__Required work__.
From the line that contains "Наиболее заметными представителями" down to the final line below, please repeat each line exactly and nothing more, with no pictures.

[Caption-style text data]
□ □ □ □ □ □ □

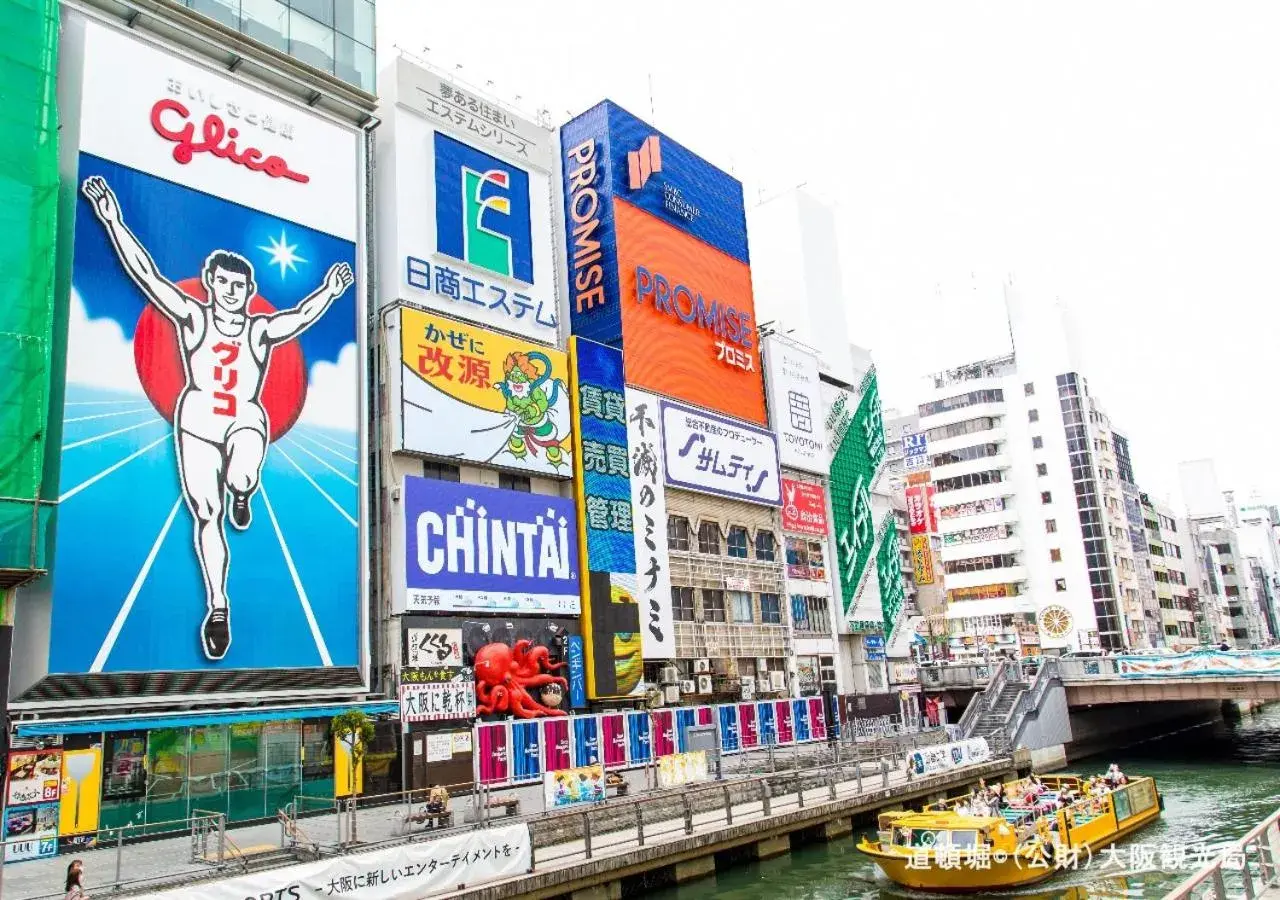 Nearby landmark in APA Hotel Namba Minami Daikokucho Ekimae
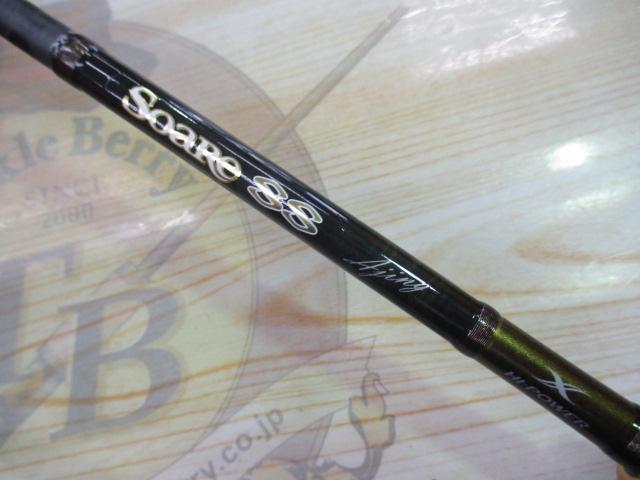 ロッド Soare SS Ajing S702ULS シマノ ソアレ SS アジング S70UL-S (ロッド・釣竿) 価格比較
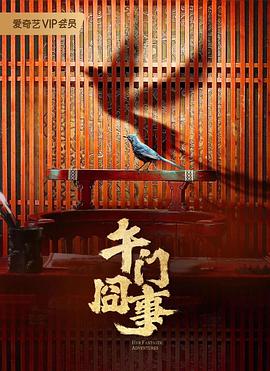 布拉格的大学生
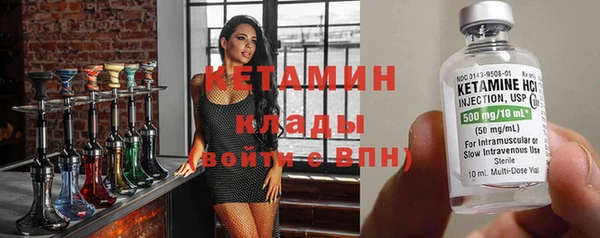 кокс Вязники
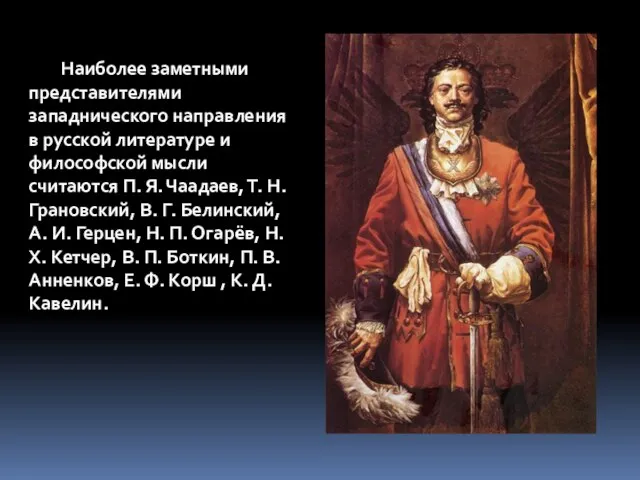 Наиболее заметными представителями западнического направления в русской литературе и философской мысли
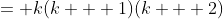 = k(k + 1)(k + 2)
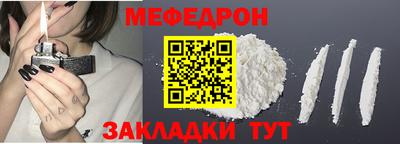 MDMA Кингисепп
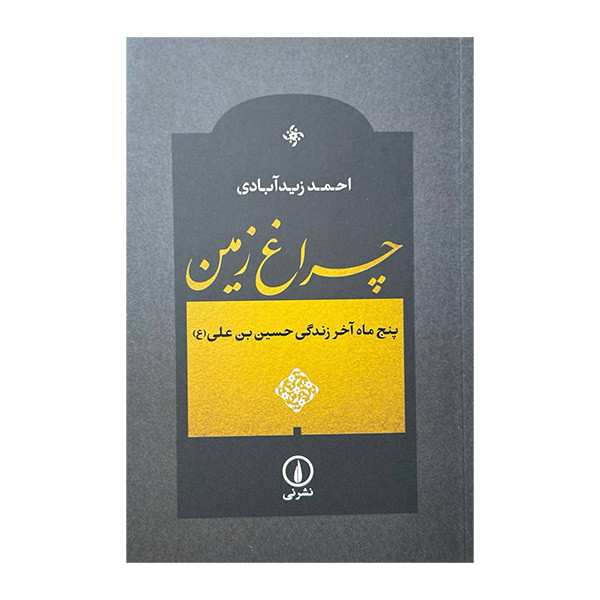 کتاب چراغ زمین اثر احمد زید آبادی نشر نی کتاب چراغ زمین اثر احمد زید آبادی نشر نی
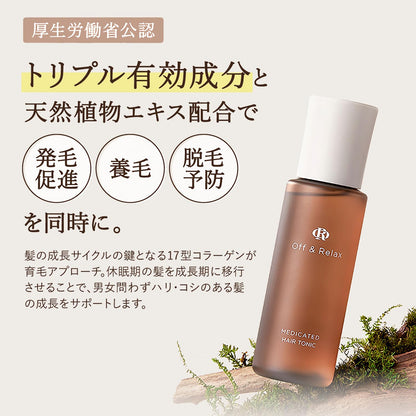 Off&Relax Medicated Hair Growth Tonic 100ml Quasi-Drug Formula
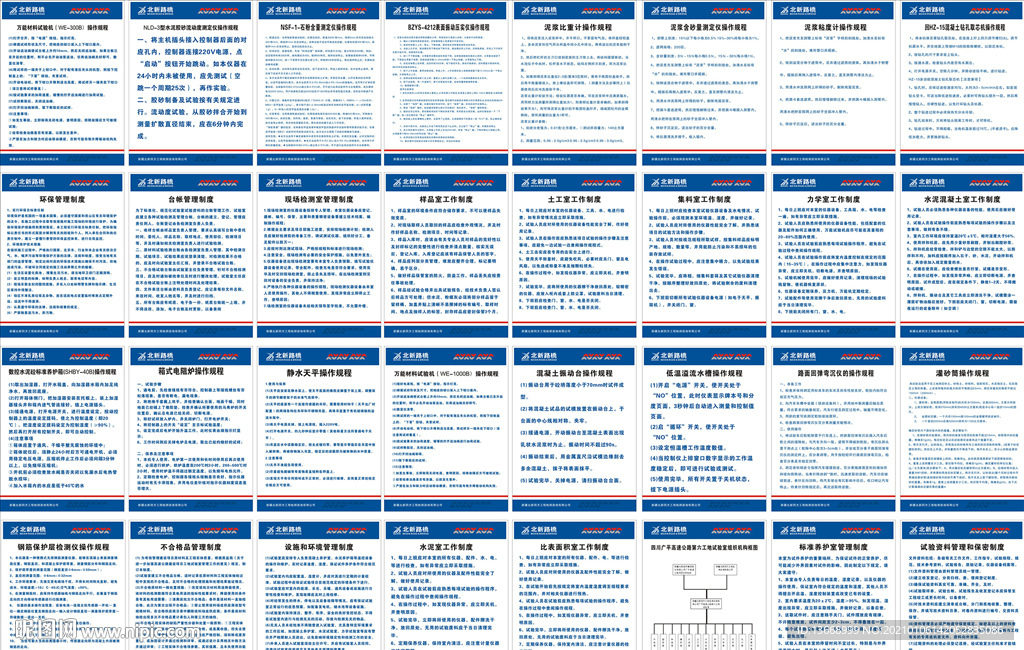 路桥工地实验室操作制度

□ □ □ □ □ □ □

__Answer box__.
 Наиболее заметными представителями западнического направления в русской литературе и философской мысли
 = k(k + 1)(k + 2)
 MDMA Кингисепп
 کتاب چراغ زمین اثر احمد زید آبادی نشر نی کتاب چراغ زمین اثر احمد زید آبادی نشر نی
 Off&Relax Medicated Hair Growth Tonic 100ml Quasi-Drug Formula
 路桥工地实验室操作制度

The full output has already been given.